Sources were of the view that at Delhi and Mumbai airports it may not happen since GMR and GVK, the two private players involved, have protested against this. The Delhi airport continues to charge a 20 per cent royalty. However, Cochin airport, also a private facility, is not charging any royalty. As a result, some private players have in fact taken hangars at Cochin for MRO work.
Then, the 14 per cent service tax has been replaced by the goods and services tax (GST), which is higher at 27 per cent. Earlier the tax that was paid on labour could not be set off against the tax that was being paid by airlines, but now the full GST can be set off. Industry sources said this would be better for airlines as their overall tax liability would come down.
However, industry sources said while the policy did not deliver what it promised, the ministry was working overtime to get things moving in favour of the Indian MRO companies.
The industry wants the Airport Authority of India (AAI) to allow MRO work to happen at its airports across the country. Although this is permitted at their airports, detailed rules and regulations make it practically impossible. The space needs to be made available at reasonable rents and procedures simplified for MRO work to be carried out.
Sources also argue that rents at the two main airports of Delhi and Mumbai need to be rationalised. Rents charged at Delhi and Mumbai airports are 50-100 per cent higher than that charged at equivalent facilities in Europe and Turkey. The high revenue share amounts promised at these two facilities compel the two private players to charge as much as possible.

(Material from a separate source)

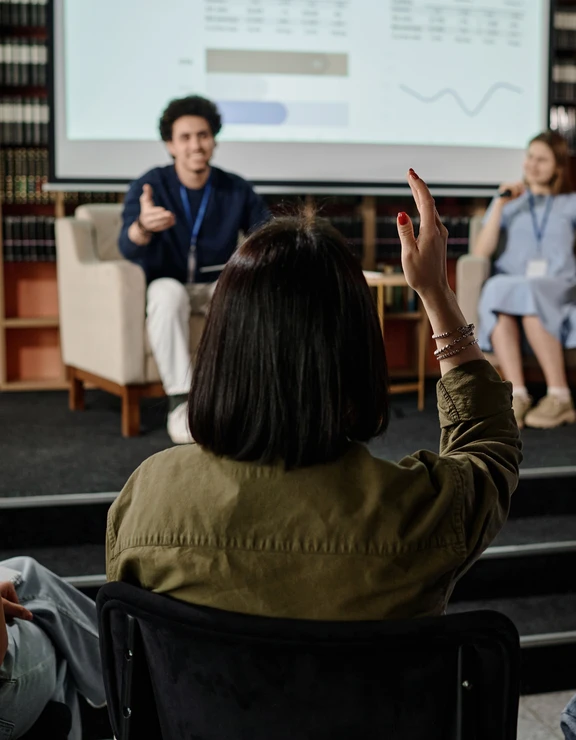 unrecognizable-woman-raising-hand-during-conference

A third issue for the MRO sector is poor training infrastructure. The quality of institutes that are approved by the DGCA for technicians for MRO work is so poor that companies effectively have to retrain them for two years before they let them loose on the aircraft. Other than one or two reasonable quality institutes in Bengaluru, there are at least 20-30 institutes that do not even have an aircraft in-house for training. “It’s a bit like trying to train doctors without a cadaver,” said an industry source. He said it was better to close down this plethora of institutes and have a handful that provides a somewhat decent quality of technicians.

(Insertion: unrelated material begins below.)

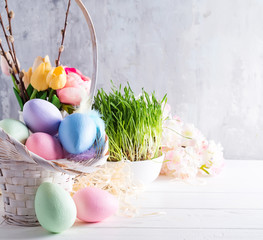 Easter basket filled with colorful hand painted Easter Eggs over a light background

If the October 2015 policy had been fully implemented, aircraft servicing in India would have become 25-30 per cent cheaper. But since many of the proposals are yet to translate into reality, getting aircraft serviced in India is roughly 10 per cent cheaper as things stand.
If some of the changes that are currently being discussed can be translated into reality, it could be a game changer for the industry. But that remains a big if as with all issues of governance. The intent seems right but delivery often goes awry.